*What is needed*.
Restate the whole listing below word for word and keep the images out.

*Stored data*.
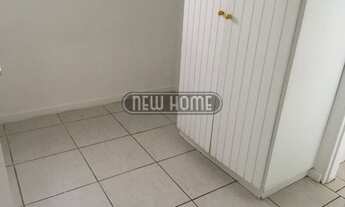 Imagem 14: SãO PAULO - Padrão - Chácara Santo Antônio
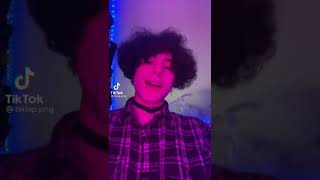 Birlap tiktok compilation pt 1 [upl. by Maclaine]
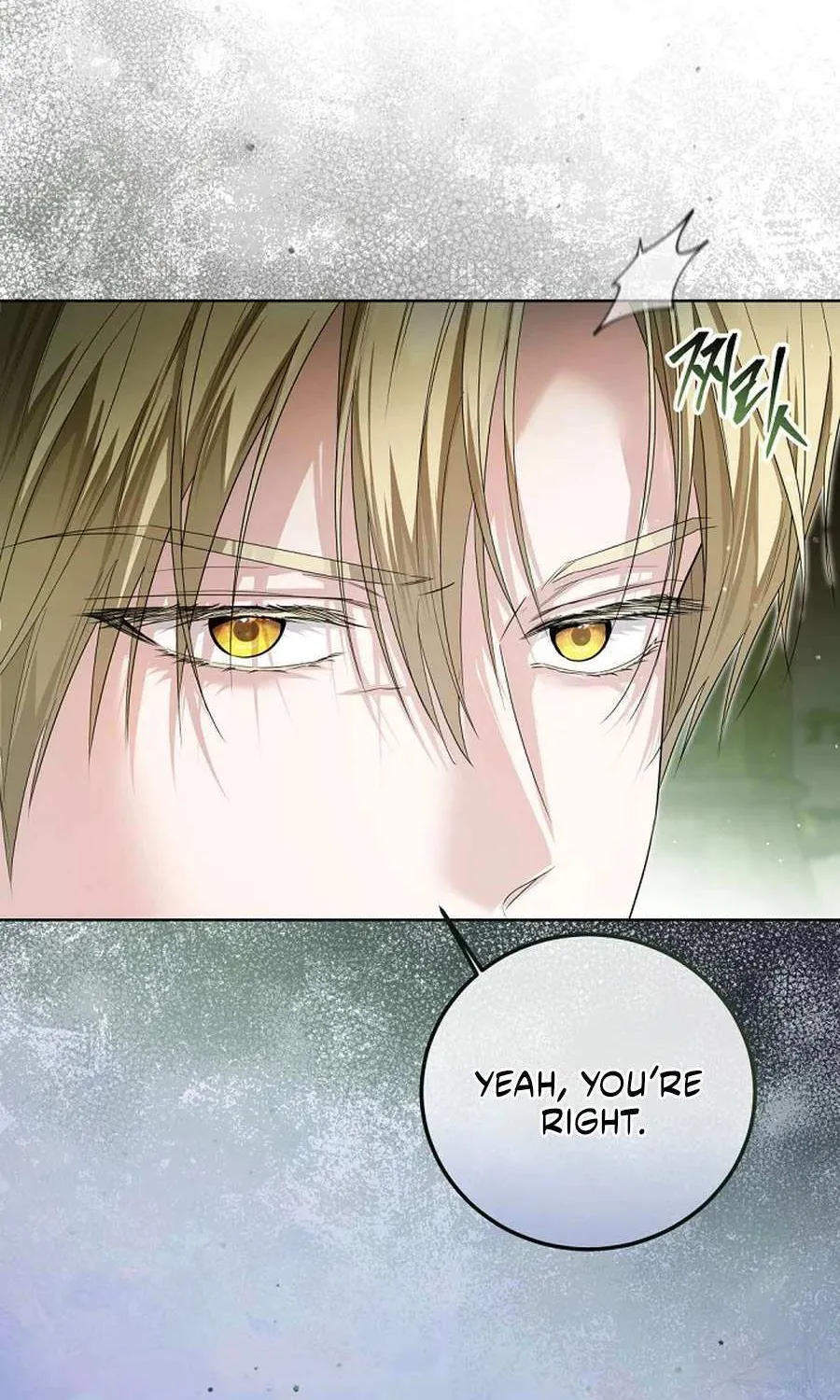The Closet Fan Princess Chapter 80 page 23 -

*Completed task*.
 Imagem 14: SãO PAULO - Padrão - Chácara Santo Antônio
 Birlap tiktok compilation pt 1 [upl. by Maclaine]
The Closet Fan Princess Chapter 80 page 23 -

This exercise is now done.